Abruptly, Freddie raises his voice louder, shouting above the buzz of the crowd.

“Excuse me, everyone!” He steps up onto the footrest of the nearest stool, which lifts him up to about Brian’s height. 

“John Deacon, you all know John, our beloved John…” The crowd of crew, friends and strangers look around, and soon the room seems to be focused primarily on Freddie’s drunken rambling.

“He has a little announcement that everyone should know. John, please.” Freddie gestures for John to replace him on the footrest, and John obliges, though his cheeks start to blush as he addresses the room. Whatever he was trying to confide in Freddie about is now the room’s concern.

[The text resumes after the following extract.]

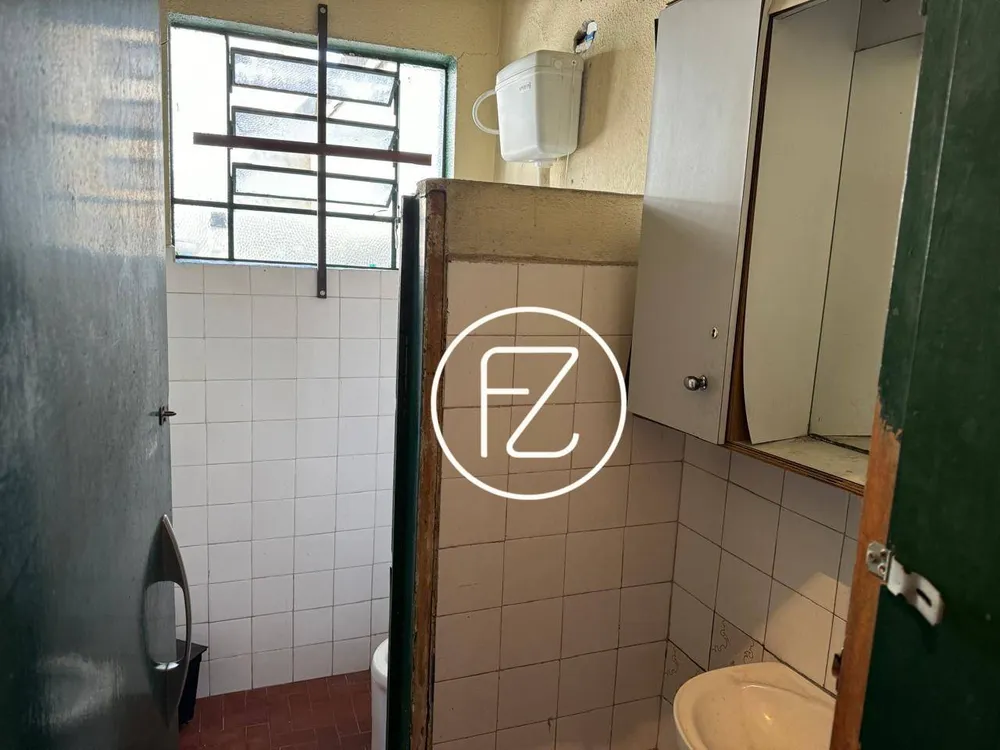 Depósito-Galpão, 210 m² - Foto 8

“Well, everyone. It’s, um, Veronica and I. We’re engaged.” You can’t see who claps first, but the group soon erupts into a rowdy applause, replete with whoops and whistles. John dismounts the stool as soon as his sentence is finished, crowded with handshakes and friendly pats on the shoulder from those around him as he attempts to return to his fiance.

Chrissie is already starting to plan the entire wedding, fretting about what floral arrangements will best match the colour scheme she has in mind, with more input from Freddie than either the future bride or groom. 

You wade through the mob, pulling Roger by the hand behind you. You contain your congratulations of John and Veronica to a kiss on the cheek and brief admiration of the engagement ring, respectively, knowing they’d rather the pleasure of their own company over yours. 

 

You’d made your complaints about Roger’s crappy shoebox apartment more than clear over the last six months, but you’re still staying over at his place tonight, if only for Piper’s sake.

Roger is preoccupied in the backseat of the taxi on the way back to his place, his brow furrowed as if he’s considering something requiring great thought. He keeps his eyes on your intertwined hands as he speaks.

“You know, my lease ends soon.” He says, laying the fact in front of you with a tone of finality. You nod, waiting for him to elaborate with a bemused smile. 

“And so does yours.” He adds. You nod again. 

“It does.” You say. You can tell he’s anxious, even though he’s trying to hide it.

“Well, why don’t we get our own place?” He asks softly, finally meeting your eyes. His nervousness seems to dissipate at the sight of your smile.

“I’d love that.” You say, both of your smiles widening. Your heart flutters at the sight of him looking at you like he is: adoring, proud.

“I love you.” He says, planting a kiss on the back of your hand that he’s still firmly holding. He’s said it many times, but it never ceases to amaze you how powerful those words can be.

“I love you too.” You nestle your head on his shoulder, the shadows in the car shifting rapidly under the streetlights. Roger leans his head on yours, and you shut your eyes. It’s not long before the drive to his apartment will be over.